There are two distinct forecasting approaches: the individual forecasting approach, which produces direct forecasts from single models; and the combination forecasting approach, which generates composite forecasts by combining constituent forecasts yielded by single models. When the individual approach is followed, forecasts are generated relying on only one model, and the forecasting performance of rival models are always compared to identify the best-performing one with the inferior forecasts being discarded. The disadvantages of such a procedure include: firstly, the discarded predictions may contain useful independent information, and secondly, the identification of the “best single model” is like a moving target. Many existing studies show that the forecasting performance of different individual models depends on the accuracy measure used, the forecasting horizon under consideration and the origin-destination pair under study (Gunter and Önder, 2015; Hassani et al., 2017). There are no clear-cut evidences showing which single model is superior to others under all situations, hence there exists no principles regarding the selection of the best single forecasting method. Rather than trying to choose the best single model, the combination forecasting approach pools a range of constituent forecasts together. The rationale is that single forecasts from diverse models based on competing theories, functional forms and specifications contain independent information, the combination of which can achieve diversification gain. As a result, the performance of combination forecasting is supposed to be more stable than the individual one.
The idea of combining multiple forecasts of the same event dates to the 1960s. Bates and Granger (1969) published the seminal work in 1969, which showed that better predictions can be obtained by combining two forecasts yielded by different models. Since then, the general forecasting literature has seen considerable studies on combination forecasts with contributions from many disciplines such as forecasting, statistics, and management (Clemen, 1989). The constituent forecasts have been extended from two to multiple ones with various combining methods being presented and tested and different forecasting horizons and accuracy measures being considered. The empirical results support the conclusion that combining alternative forecasts together can reduce uncertainty and increase accuracy (Diebold and Pauly, 1990; Makridakis et al., 2018, 2020; Zhang and Yu, 2018).
Weighting schemes
One important step of combination is to identify the optimal weights that are assigned to each constituent projection. Main combination approaches differ in the way they use historical information to compute the weights. The simplest weighting scheme is the simple average (SA) method, which assigns equal weights to all individuals. The SA method has been found to be a robust, stable and easy-to-use way, often outperforming more sophisticated weighting schemes and hence is always used as a benchmark in combination forecasting studies (Makridakis and Winkler, 1983; Makridakis et al., 2020; Henry and Clements, 2004; Wu et al., 2020).

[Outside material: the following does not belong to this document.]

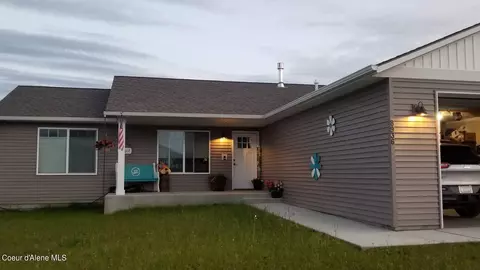 8936 N Scotsworth St, Post Falls, ID 83854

The variance-covariance (VACO) method was presented by Bates and Granger (1969) and extended by Fritz et al. (1984) to multiple constituents. To minimize the combined forecasts variance, the VACO scheme assigns larger weights to individual forecasts with smaller forecasting errors, which links the weighting scheme to the historical performance of constituent forecasts. The VACO method is a common choice in forecasting studies (Baumeister and Kilian, 2015; Fritz et al., 1984; Stock and Watson, 2004; Wong et al., 2007; Wu et al., 2020).
A similar weighting method is the discounted mean square forecast error (DMSFE) method, which is proposed by Bates and Granger (1969) and generalized by Newbold and Granger (1974). Weights in DMSFE are inversely related to the individual forecasting accuracy, which is measured by the forecasting error, and the recent forecasts are weighed more heavily by applying a discounting factor. The discounting factor lies between 0 and 1, and in practice, 0.95, 0.9, 0.85, and 0.8 are all common choices (Diebold and Pauly, 1987; Shen et al., 2008, 2011; Stock and Watson, 2004).

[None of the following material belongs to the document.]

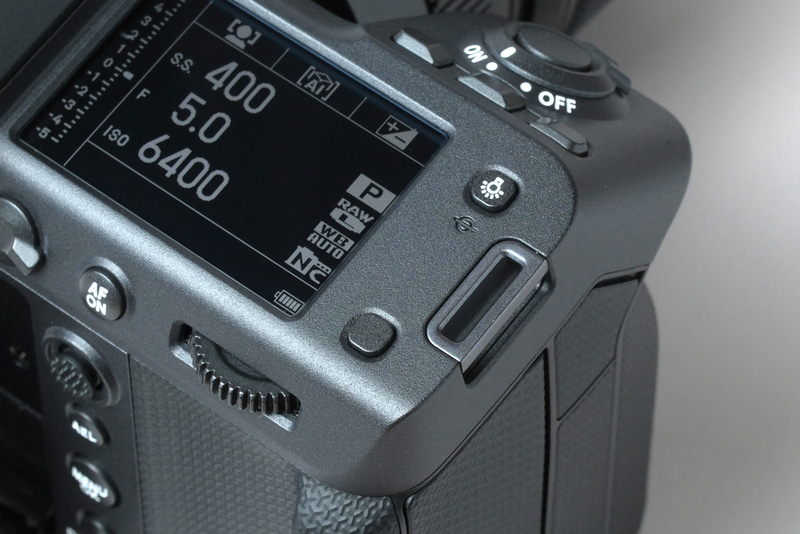 天面は撮影者側に向かって傾斜しており、パッと見でも情報が把握し易いところが良かった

All the above-mentioned methods share one common feature which is that the weights add up to unity. Granger and Ramanathan (1984) presented the regression method which does not require the weights to add up to unity. The proposed method regresses the actual values on each constituent forecasts and a constant term with the estimated parameters to be the corresponding weights. Some applications of the regression method have demonstrated its satisfactory performance (Guerard, 1987; Holmen, 1987; MacDonald and Marsh, 1994), while others showed evidence of its unstable predicting ability (Lobo, 1991; Shen et al., 2011). The limitation of the regression method is obvious: when the number of the constituent forecasts are large compared to the sample size, it is inappropriate as the regression for working out the weights is invalid. In the regression-based framework, Diebold and Pauly (1990) applied Bayesian shrinkage techniques to incorporate prior information into the weighting scheme and concluded that shrinkage improved the accuracy of the regression-based combination forecasts.
Another extension of the regression method is the time-varying parameter (TVP) method, which uses Kalman filter algorithm to estimate the weights that are allowed to vary with time if the data suggests so. Applications of the time-varying combination method include LeSage and Magura (1992), Sessions and Chatterjee (1989), Shen et al. (2011) and Stock and Watson (2004). Sun et al. (2021) further developed the TVP weighting method through introducing the nonparametric estimation and proposed the TV jackknife model averaging (TVJMA), which can handle structural changes and nonstationary trends in tourism data.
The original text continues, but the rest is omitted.